__Problem to work on__.
Exactly the lines below from the one with "Vista 5 de Milkhouse" up to and including the one with "2021 Maruti Eeco" make up the answer, with nothing else added.

__Data section__.
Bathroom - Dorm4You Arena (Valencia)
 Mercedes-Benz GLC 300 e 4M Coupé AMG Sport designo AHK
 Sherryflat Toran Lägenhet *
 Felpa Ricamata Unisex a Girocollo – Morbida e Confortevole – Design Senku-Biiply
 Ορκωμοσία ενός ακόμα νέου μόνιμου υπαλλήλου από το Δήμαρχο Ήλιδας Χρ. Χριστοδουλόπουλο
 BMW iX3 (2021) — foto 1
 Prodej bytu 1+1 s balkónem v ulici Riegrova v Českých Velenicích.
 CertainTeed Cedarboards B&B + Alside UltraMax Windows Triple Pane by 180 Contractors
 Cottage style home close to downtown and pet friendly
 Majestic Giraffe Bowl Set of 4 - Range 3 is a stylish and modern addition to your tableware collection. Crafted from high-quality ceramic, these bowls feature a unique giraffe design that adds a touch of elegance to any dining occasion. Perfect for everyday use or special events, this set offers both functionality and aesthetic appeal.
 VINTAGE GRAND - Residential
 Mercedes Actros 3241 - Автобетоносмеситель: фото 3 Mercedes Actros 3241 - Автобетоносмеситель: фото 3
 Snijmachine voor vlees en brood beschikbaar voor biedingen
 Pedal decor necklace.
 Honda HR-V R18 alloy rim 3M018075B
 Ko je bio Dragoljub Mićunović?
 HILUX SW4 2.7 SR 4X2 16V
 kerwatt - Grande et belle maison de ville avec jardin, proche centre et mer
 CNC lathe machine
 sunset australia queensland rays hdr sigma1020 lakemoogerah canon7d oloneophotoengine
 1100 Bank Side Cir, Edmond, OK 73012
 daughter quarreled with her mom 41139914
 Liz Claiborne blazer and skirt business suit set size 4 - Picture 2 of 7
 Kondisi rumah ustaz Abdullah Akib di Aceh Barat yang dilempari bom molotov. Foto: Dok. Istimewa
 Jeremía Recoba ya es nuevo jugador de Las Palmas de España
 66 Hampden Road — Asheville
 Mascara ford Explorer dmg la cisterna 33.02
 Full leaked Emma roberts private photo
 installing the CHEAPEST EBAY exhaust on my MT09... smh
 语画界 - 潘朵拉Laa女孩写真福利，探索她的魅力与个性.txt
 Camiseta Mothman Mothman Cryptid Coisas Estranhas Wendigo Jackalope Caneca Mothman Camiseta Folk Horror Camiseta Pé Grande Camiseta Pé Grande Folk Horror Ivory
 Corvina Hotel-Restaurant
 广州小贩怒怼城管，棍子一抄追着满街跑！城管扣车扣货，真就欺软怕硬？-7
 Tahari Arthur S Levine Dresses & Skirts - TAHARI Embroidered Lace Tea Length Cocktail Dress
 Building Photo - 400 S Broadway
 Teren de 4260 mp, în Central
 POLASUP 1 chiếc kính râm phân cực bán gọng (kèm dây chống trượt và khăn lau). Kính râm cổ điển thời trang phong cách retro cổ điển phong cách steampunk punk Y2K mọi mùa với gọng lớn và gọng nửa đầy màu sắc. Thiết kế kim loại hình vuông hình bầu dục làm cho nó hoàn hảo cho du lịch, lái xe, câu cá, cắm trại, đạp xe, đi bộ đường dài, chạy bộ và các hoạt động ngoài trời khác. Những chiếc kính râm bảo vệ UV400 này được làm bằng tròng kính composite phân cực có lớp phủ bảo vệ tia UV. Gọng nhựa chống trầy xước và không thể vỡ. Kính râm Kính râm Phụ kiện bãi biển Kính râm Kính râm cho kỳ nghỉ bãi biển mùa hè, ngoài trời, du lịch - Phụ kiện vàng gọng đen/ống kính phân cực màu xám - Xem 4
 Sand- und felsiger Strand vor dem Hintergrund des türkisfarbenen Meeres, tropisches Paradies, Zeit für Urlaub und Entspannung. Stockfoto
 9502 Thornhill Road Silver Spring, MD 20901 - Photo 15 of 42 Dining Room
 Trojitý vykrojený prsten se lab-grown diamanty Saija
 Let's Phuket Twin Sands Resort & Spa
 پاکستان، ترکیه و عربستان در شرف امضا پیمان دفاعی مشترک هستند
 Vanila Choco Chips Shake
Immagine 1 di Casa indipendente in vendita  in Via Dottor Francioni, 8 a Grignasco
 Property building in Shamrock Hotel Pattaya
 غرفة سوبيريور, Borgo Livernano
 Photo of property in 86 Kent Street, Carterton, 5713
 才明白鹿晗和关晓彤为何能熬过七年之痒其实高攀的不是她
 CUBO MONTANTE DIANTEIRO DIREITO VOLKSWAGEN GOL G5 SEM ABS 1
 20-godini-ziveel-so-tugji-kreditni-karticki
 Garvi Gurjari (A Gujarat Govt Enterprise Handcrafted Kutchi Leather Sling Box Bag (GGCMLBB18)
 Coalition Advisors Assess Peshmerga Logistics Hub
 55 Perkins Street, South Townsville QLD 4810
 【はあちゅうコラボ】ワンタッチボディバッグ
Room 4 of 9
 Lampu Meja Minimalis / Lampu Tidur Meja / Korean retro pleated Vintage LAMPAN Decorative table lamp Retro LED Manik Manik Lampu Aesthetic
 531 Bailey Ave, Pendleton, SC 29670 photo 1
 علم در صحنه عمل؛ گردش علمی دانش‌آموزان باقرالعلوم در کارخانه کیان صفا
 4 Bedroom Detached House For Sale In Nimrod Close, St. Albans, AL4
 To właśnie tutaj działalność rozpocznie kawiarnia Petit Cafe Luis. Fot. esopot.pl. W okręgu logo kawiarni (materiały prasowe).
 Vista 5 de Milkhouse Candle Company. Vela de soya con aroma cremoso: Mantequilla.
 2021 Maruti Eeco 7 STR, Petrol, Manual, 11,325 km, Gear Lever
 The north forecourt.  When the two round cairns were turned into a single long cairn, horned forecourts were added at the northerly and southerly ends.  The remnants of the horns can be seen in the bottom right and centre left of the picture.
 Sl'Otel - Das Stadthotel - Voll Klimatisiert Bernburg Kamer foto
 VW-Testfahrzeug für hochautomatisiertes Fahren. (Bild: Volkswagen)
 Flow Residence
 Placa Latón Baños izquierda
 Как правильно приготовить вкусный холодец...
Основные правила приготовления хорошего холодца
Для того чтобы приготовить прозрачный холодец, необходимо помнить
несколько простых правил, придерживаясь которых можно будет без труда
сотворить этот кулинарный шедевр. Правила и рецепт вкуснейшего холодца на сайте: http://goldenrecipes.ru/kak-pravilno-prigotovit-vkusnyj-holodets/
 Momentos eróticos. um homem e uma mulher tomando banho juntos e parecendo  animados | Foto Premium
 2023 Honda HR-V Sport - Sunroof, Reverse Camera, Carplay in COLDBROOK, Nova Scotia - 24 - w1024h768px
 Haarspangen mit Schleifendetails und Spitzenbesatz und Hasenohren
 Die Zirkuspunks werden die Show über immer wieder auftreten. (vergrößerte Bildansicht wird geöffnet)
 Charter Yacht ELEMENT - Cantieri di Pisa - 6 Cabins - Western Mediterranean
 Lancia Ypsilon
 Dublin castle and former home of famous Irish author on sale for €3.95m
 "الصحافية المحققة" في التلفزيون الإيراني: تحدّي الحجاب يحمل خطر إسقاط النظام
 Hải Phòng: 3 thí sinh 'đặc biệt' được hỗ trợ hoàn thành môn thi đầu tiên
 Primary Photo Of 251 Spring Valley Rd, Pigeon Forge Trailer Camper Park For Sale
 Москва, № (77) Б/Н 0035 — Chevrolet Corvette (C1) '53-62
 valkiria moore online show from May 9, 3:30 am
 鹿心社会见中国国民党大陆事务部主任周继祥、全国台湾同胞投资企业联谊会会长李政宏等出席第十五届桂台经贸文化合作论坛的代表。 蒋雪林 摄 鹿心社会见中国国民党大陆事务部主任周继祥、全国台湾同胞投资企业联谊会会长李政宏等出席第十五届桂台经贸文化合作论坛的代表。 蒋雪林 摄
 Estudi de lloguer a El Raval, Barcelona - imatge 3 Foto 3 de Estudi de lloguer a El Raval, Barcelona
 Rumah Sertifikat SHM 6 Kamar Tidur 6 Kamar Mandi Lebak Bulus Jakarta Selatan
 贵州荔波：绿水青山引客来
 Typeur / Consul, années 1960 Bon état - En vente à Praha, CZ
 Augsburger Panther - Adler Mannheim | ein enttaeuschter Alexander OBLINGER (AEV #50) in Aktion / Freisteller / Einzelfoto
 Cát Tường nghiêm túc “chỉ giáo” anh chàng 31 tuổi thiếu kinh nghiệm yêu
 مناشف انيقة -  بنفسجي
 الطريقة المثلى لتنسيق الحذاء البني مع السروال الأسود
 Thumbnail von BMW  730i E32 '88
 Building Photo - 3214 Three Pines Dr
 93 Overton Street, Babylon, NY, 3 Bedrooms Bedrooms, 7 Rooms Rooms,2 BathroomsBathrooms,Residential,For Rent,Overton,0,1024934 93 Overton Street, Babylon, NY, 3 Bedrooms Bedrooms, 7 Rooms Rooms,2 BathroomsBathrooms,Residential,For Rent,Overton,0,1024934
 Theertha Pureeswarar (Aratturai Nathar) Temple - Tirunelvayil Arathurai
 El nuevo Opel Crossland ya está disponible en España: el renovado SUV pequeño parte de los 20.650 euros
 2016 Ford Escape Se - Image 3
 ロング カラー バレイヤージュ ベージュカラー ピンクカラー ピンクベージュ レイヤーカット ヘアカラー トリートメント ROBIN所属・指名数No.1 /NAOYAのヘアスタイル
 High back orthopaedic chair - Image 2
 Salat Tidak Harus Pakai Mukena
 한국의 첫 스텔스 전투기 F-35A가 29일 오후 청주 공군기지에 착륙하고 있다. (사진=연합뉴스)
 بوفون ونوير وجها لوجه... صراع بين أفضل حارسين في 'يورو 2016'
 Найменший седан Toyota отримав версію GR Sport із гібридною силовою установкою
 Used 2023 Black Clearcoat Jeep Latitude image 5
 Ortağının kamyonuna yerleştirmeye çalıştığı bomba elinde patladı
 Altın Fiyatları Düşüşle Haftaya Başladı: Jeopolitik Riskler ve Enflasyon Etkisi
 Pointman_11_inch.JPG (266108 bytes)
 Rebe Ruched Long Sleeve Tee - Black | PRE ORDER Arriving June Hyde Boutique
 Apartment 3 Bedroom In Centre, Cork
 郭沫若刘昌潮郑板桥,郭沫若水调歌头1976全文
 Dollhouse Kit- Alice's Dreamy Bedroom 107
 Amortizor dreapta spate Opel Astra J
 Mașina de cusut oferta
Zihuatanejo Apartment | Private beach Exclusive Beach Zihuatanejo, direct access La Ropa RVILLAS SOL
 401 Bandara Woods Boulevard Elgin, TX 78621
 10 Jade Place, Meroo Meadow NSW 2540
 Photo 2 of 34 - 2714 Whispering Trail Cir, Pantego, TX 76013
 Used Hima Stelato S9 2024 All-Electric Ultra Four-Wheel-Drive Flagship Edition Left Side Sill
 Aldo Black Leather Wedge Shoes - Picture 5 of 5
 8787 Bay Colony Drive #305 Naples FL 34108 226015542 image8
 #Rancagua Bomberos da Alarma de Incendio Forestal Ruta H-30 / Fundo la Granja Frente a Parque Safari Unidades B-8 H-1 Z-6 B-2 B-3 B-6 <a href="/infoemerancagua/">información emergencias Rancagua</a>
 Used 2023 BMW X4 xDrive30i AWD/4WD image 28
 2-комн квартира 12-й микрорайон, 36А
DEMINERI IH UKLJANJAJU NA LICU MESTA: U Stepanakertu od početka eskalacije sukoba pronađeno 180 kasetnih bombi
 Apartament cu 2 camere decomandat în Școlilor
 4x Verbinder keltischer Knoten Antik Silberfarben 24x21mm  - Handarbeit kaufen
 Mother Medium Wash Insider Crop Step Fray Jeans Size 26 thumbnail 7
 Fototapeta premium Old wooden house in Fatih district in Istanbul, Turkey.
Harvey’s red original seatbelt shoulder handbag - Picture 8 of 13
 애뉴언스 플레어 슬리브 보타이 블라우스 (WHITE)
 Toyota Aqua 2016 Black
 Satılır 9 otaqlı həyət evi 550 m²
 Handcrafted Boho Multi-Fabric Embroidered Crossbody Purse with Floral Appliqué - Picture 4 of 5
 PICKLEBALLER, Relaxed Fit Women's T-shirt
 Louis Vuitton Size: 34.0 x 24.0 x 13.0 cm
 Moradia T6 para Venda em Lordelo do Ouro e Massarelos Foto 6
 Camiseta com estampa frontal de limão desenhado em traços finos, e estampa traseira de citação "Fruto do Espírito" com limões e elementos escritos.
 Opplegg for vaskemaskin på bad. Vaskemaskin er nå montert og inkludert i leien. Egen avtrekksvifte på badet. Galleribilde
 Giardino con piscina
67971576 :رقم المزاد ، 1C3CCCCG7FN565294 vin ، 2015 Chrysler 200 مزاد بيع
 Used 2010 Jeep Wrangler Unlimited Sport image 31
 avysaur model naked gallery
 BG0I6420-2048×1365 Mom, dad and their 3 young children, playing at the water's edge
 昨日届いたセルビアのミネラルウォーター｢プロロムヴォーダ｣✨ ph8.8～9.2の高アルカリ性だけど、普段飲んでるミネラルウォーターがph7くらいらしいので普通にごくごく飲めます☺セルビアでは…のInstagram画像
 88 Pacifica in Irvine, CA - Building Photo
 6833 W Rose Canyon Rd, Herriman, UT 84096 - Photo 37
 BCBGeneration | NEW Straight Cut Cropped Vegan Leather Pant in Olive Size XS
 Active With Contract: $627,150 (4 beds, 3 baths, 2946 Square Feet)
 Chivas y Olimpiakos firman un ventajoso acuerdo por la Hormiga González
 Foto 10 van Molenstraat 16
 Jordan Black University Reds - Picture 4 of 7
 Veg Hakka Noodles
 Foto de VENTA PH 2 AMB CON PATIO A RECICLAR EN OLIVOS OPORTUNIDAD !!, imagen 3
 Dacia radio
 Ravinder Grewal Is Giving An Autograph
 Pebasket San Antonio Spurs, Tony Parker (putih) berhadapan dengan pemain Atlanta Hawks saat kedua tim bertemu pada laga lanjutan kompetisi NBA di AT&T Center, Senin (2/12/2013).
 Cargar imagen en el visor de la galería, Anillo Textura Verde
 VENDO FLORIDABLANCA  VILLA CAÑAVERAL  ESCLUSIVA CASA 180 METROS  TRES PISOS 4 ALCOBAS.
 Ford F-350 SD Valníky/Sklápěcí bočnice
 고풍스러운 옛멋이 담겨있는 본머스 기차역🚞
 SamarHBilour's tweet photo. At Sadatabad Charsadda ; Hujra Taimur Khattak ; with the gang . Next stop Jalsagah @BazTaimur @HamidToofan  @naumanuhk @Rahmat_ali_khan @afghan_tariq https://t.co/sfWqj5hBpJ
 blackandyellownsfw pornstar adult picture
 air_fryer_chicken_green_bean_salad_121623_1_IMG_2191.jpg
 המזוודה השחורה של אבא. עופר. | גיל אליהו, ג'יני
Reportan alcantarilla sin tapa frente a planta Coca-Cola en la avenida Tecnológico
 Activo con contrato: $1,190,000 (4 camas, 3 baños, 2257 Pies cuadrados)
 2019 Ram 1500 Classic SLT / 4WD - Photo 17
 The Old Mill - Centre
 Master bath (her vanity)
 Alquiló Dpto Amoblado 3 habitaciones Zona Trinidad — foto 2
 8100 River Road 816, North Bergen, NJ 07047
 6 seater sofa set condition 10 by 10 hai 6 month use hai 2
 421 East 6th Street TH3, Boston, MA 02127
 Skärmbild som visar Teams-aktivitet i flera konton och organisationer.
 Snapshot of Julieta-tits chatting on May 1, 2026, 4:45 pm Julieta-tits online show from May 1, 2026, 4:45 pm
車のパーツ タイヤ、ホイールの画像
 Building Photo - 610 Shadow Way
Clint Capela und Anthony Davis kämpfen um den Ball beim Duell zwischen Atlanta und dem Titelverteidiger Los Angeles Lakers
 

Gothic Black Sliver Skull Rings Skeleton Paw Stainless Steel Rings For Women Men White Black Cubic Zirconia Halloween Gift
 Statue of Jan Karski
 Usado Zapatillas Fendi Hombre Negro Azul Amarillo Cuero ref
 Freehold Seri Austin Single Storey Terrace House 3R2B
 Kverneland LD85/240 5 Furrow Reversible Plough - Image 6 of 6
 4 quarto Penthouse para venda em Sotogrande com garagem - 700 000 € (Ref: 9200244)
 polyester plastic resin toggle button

__Answer to this problem__.
 Vista 5 de Milkhouse Candle Company. Vela de soya con aroma cremoso: Mantequilla.
 2021 Maruti Eeco 7 STR, Petrol, Manual, 11,325 km, Gear Lever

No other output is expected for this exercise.